Gemma Stack, ACA Employment tax principal, Ryan. Croner.

Gemma Stack, employment tax principal at Ryan, explains how new PAYE clampdown on umbrella companies means recruiters and employers in the supply chain can be held jointly liable for unpaid tax and national insurance by HMRC.


New umbrella company PAYE rules came into effect in April 2026, introducing joint and several liability (JSL) for unpaid PAYE and National Insurance contributions (NIC). HMRC can now pursue other parties in the labour supply chain for unpaid PAYE and NIC, regardless of where the underlying noncompliance arose.


This sits against the backdrop of a large and complex market. Around 700,000 individuals work through umbrella companies in the UK, according to HMRC estimates. The Office for Budget Responsibility (OBR) projects that the new rules will raise £870m by 2027, reflecting the scale of non-compliance these reforms are designed to address.
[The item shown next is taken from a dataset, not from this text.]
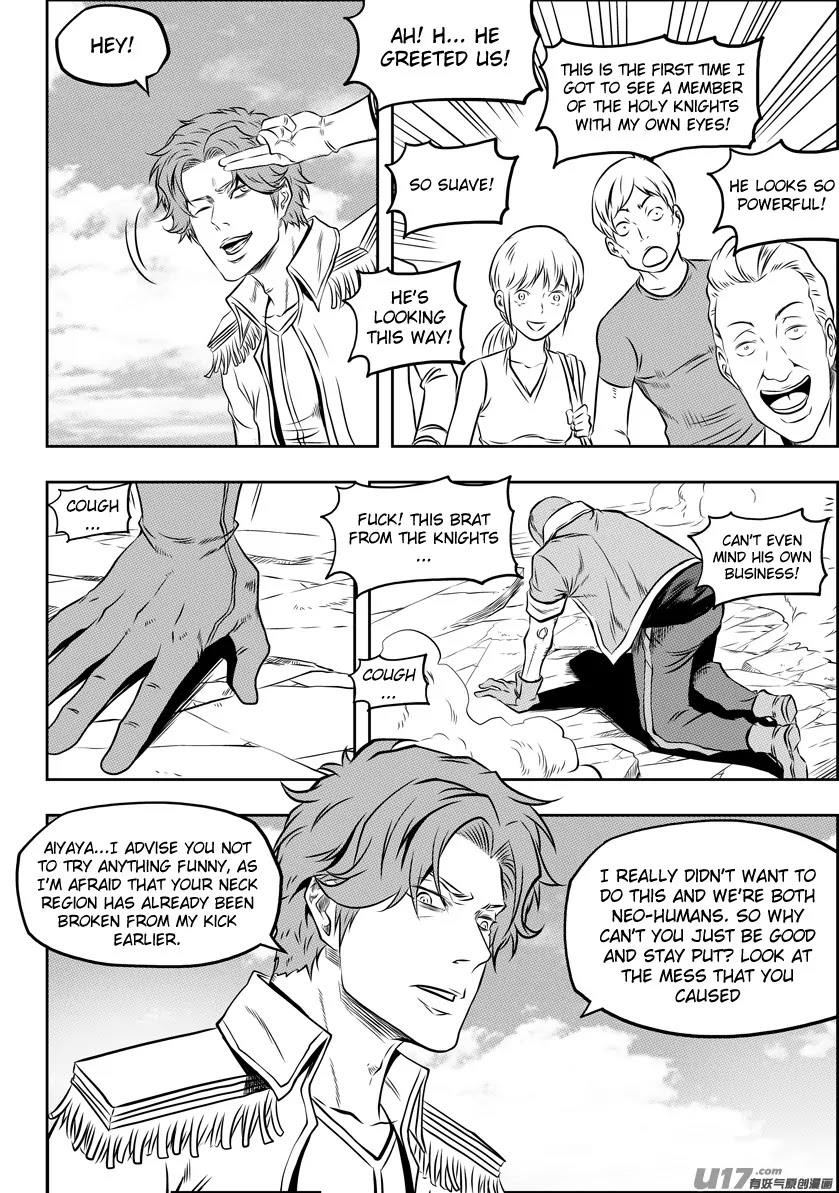 Autophagy Regulation Chapter 129 page 12 - Chapter 129: The weak will eventually be eliminated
For recruitment agencies, this moves PAYE risk from a largely indirect exposure to a direct and potentially immediate liability. The question is no longer whether providers have been checked, but whether agencies can stand behind how every worker in their supply chain is paid.
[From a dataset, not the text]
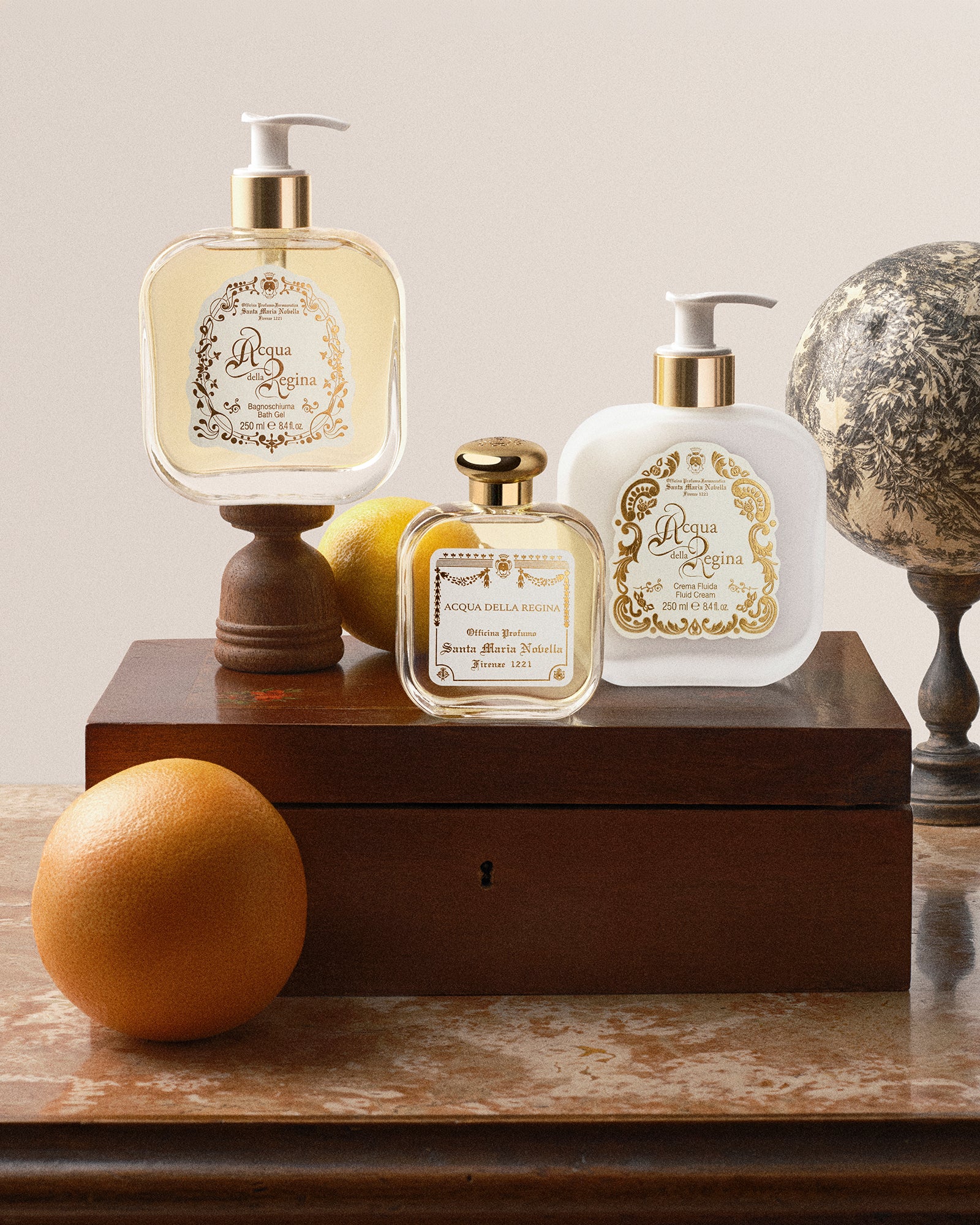Rosa Gardenia: Eau de Cologne - Santa Maria Novella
How joint and several liability operates in practice – a commercial shift


This reform is not simply an additional compliance requirement; it fundamentally changes where PAYE risk sits. Joint and several liability (JSL) brings that risk directly into the agency’s remit.
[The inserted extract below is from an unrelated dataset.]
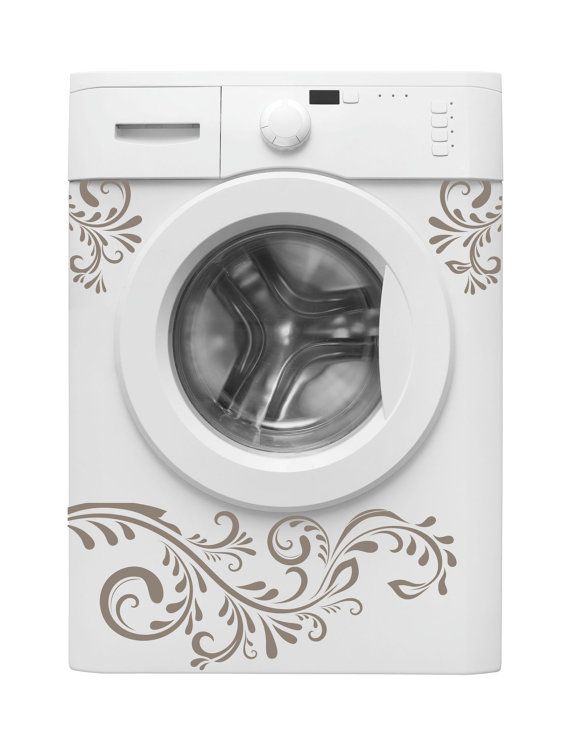 Stickers pour lave linge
The legislation enables HMRC to recover unpaid PAYE and NIC from any party in the relevant labour supply chain, without requiring fault or direct involvement in the underlying payroll failure. In practice, several features are important:


  • HMRC is not required to pursue the defaulting umbrella company first.

  • Liability can be imposed on the agency even where payroll is outsourced.

  • The agency may be required to settle the liability in full, with any recovery from other parties uncertain.


This creates a position where agencies can end up bearing the cost of non-compliance that originates elsewhere. Risk therefore moves onto the balance sheet and into core commercial decision-making.


At the same time, client expectations are evolving. End clients are increasingly focused on the integrity of their workforce supply chains. The ability to demonstrate a clear and defensible model is becoming a differentiator.


Agencies have historically relied on umbrella companies to manage payroll and compliance. That model no longer transfers risk in the way many assume. The key question is not who runs payroll, but whether the agency can demonstrate it understands how payroll is being operated in practice. With the new reforms, reduced involvement no longer means reduced exposure.


Key pitfalls for recruitment agencies


Exposure is more likely to arise from weaknesses in execution than from technical misunderstanding.


The following areas are consistently high risk:


  • Assumed transfer of risk – Reliance on umbrella providers without verifying how PAYE is operated in practice

  • Outdated due diligence frameworks – Processes designed for a pre-reform environment and not revisited to reflect the new risk position

  • Mismatch between contractual terms and reality – Agreements that do not reflect actual working practices relied upon for status and IR35 determinations

  • Insufficient ongoing monitoring – One-off onboarding checks without continued oversight of provider behaviour and payroll operation

  • Lack of clear internal accountability – No defined ownership of labour supply chain risk at a senior level


Each of these represents a control gap that can translate directly into financial liability under the new rules.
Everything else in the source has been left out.